Your drone idea reminds me of the Dark/Devil Gundam from G Gundam. It shows that self-repair, self-evolution, and self-replication make for an unstoppable villain of the hive mind variety, which match quite well with machines operating independently as part of a larger body, as you discussed.
Nope, just a caveman . . . the figure line was with cavemen and bones. Still, I do see the resemblance. I actually had the T Rex once upon a time, it was a big one . . . at least, to an 8yo.

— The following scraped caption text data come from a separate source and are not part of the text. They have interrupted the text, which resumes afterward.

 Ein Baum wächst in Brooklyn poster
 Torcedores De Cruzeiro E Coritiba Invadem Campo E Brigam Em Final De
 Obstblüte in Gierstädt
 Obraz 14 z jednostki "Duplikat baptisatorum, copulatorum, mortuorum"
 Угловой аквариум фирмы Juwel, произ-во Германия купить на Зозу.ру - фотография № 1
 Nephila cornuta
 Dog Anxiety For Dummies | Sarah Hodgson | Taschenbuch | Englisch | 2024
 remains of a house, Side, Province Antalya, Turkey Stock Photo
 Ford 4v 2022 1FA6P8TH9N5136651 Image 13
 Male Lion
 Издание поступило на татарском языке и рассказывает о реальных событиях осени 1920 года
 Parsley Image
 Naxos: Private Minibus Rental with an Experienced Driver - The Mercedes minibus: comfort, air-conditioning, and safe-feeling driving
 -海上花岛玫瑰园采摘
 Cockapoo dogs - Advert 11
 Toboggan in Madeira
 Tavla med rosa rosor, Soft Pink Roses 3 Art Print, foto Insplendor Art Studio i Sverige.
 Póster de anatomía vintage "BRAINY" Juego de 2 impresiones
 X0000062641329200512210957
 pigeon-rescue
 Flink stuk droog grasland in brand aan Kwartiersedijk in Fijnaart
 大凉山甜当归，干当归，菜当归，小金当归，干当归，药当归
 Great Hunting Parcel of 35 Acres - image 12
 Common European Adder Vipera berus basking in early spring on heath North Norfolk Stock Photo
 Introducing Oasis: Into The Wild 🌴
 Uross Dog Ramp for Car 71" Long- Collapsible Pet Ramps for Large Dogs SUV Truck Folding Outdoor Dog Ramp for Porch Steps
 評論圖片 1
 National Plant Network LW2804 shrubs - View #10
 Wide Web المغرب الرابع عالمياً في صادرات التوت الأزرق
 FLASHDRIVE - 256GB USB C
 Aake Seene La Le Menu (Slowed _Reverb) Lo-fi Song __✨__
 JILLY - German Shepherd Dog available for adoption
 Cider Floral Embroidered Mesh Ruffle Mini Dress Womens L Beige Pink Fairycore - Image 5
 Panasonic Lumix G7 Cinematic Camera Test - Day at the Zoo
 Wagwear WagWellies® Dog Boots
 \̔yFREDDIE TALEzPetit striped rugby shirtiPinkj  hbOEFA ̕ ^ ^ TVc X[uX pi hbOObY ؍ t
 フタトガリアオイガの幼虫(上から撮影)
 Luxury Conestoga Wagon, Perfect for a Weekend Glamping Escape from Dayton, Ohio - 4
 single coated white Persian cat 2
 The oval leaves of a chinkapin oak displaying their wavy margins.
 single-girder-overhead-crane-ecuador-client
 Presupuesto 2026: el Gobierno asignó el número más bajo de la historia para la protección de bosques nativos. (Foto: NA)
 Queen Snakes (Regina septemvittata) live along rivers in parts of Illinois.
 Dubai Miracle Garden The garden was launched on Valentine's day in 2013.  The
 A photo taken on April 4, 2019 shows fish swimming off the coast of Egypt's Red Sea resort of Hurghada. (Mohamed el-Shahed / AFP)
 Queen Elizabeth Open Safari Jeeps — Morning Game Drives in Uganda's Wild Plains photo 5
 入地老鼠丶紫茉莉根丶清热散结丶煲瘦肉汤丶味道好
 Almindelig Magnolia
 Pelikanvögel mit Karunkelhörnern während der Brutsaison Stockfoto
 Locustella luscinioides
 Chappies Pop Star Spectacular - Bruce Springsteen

Cool. It reminds me of that 80s cartoon, Herculoids, though of course those were not skeletal monsters.
Posted: Fri Mar 21, 2014 10:05 pm
Ah, yes . . . I recall them. A most interesting group. A wyvern, an egg-launching dinosaur variant, a stone gorilla, and a pair of blobs that followed a family around.
I would say they were odd, but most cartoons are when reduced to the simplest explanation.
Quite true. One can make quite a fun game out of explaining anime/cartoons in the most literal sense possible.
Posted: Sat Mar 22, 2014 9:53 pm
This show centers on a possible stable mutant race living in an arborial setting. All members of this sect are approximately 7.5 inches tall, are male, and have constructed a village out of local fungus. This group has a unique variant of the common tongue with reusing a titular word in place of randomized verbs, nouns, adverbs, or adjectives. The group has multiple encounters with local humans to various effects.